榎戸誠の情熱的読書のすすめ -3つの読書論・ことばのオアシス・国語力常識クイズ(一問一答!)-

松本清張+司馬遼太郎+半藤一利の、えも言われぬ味わいの書・・・【山椒読書論(12)】

【amazon 『清張さんと司馬さん』 カスタマーレビュー 2012年3月3日】 山椒読書論(12)

清張さんと司馬さん』(半藤一利著、文春文庫)は、松本清張と司馬遼太郎という、持ち味は違うが、間口が広く、奥行きも深い作家に身近に接した編集者の半藤一利が取って置きの内緒話を語るといった趣があって、清張ファン、司馬ファン、そして半藤ファンには非常に楽しめる一冊だ。

半藤は編集者として活躍し、その後、作家としても成功した人物であるが、清張と司馬に親しく接したことが大きく影響していることだろう。
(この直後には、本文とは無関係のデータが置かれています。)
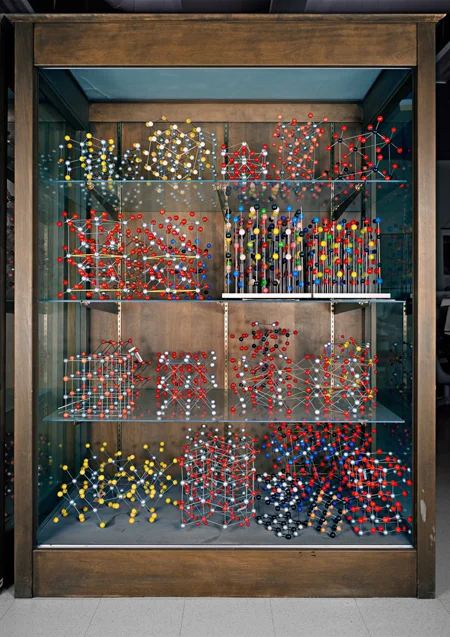 A display case showing various ball-and-stick models; the different colors represent different elements. Most are common minerals and were manufactured by the Leybold company for teaching purposes. On the left side of the third shelf down can be see…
半藤のような才能がなかろうと、大好きな清張の編集者、敬愛する司馬の編集者を一時でもいいから務めてみたかったというのが、私の叶わぬ夢である。

著者が、松本清張を名字でなく「清張さん」、司馬遼太郎を「司馬さん」と姓で呼ぶ背景も、本書の中で語られている。

著者の語り口を、いくつか挙げてみよう。

●清張さんもそうなのですが、作品を書くにさいしての司馬さんの資料収集と検証作業のものすごさ。・・・冗談でなく、命懸けといってもいい。つまりは、こまごまとしてエピソードやゴシップまで、文献に当たり専門家に尋ね、納得ゆくまで調べあげる。・・・とにかく徹底的なんです。

●何が楽しみで生きているのですか、と問われたら、多分ご両所とも「原稿用紙に向かうこと」と答えるに違いありません。あるいは資料を読み考えることか。

●(岩波茂雄は)・・・したたかですね。卒業後、古本屋をしているとき、人に連れられて、漱石のところに行き、朝日新聞に連載中の『こゝろ』を本にさせてくれ、と頼んで許される。つづいて、「ついては、出版費を貸して下さい」・・・おんぶにだっこでした。